HENRI-FRÉDÉRIC AMIEL, Journal intime,  1866, page 399. 

Ø 9. Ce qu'elle [Manette] avait obtenu de lui [Coriolis] , ce n'avait point été une entière et brusque abdication de ses goûts, de ses instincts, de ses attaches de coeur,...

EDMOND DE GONCOURT, JULES DE GONCOURT, Manette Salomon,  1867, page 399. 

Ø 10.... dans les conceptions les plus admirables de Haendel et de Bach, il n'y avait pas la renonciation d'un succès public, le sacrifice d'un effet d'art, l'abdication d'un orgueil humain s'écoutant prier;...

GEORGES-CHARLES, DIT JORIS-KARL HUYSMANS, À rebours,  1884, page 269. 

Ø 11. Il faut que cette conscience recréée par les mekhitaristes de San-Lazzaro prouve sa force par des sacrifices, par des abdications individuelles au profit de la communauté.

MAURICE BARRÈS, Scènes et doctrines de nationalisme,  1902, page 117. 

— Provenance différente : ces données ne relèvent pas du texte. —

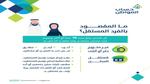 حساب المواطن السعودي يوضح شروط صرف الدعم للفرد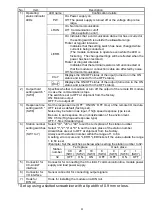 Preview for 9 page of Mitsubishi CL2XY16-DTP1C5V User Manual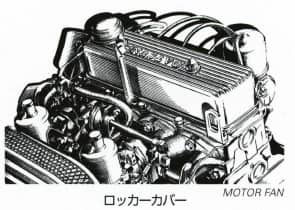 ロッカーカバー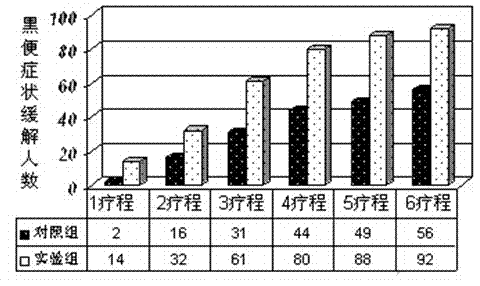 Folium callicarpae pedunculalae oral solution for inhibiting gastrointestinal bleeding and preparation method thereof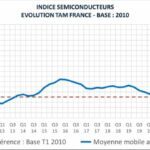 Première baisse trimestrielle depuis trois ans pour le marché français des semiconducteurs
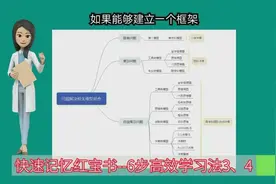 快速记忆红宝书6步高效学习法3、4视频封面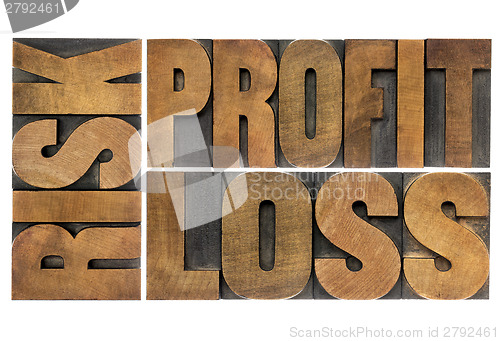 Image of risk, profit, loss - word abstract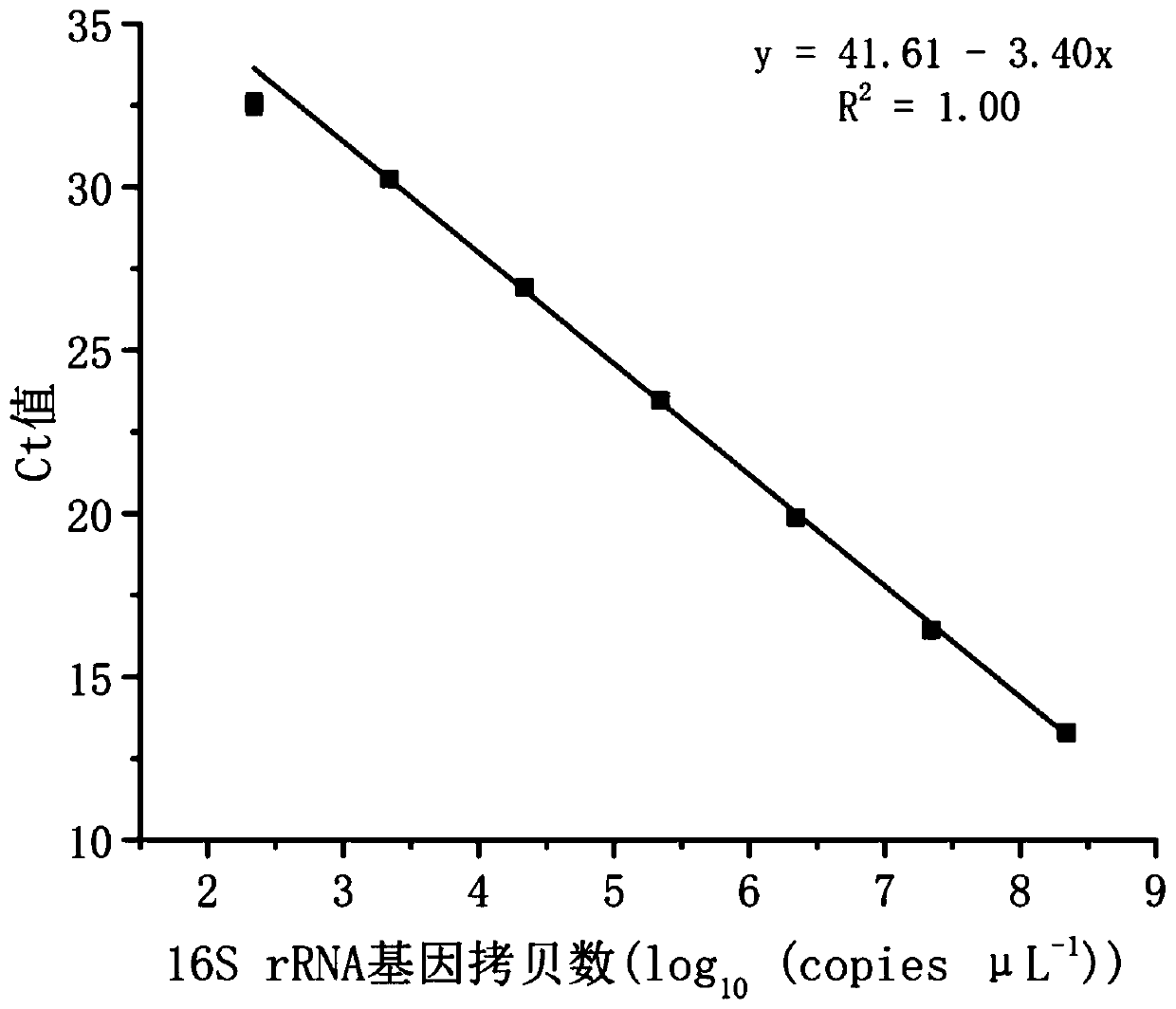 A Method for Absolute Abundance Determination of Microbial Community Structure in the Environment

Ø 12.... mais il y a, dans le renoncement à la joie, de la faillite et comme une sorte d'abdication, de lâcheté.

ANDRÉ GIDE, Les Nouvelles Nourritures,  1935, page 284. 

Remarque : Le mot est généralement suivi d'un complément de nom introduit par la préposition de; emploi sans complément (exemple 8, 12), il prend une valeur plus générale correspondant à l'emploi absolu du verbe (confer abdiquer II B). 

 

 

 

STATISTIQUES : Fréquence absolue littéraire : 271. Fréquence relative littéraire : XIXe.  siècle : a) 553, b) 166; XXe.  siècle : a) 445, b) 323.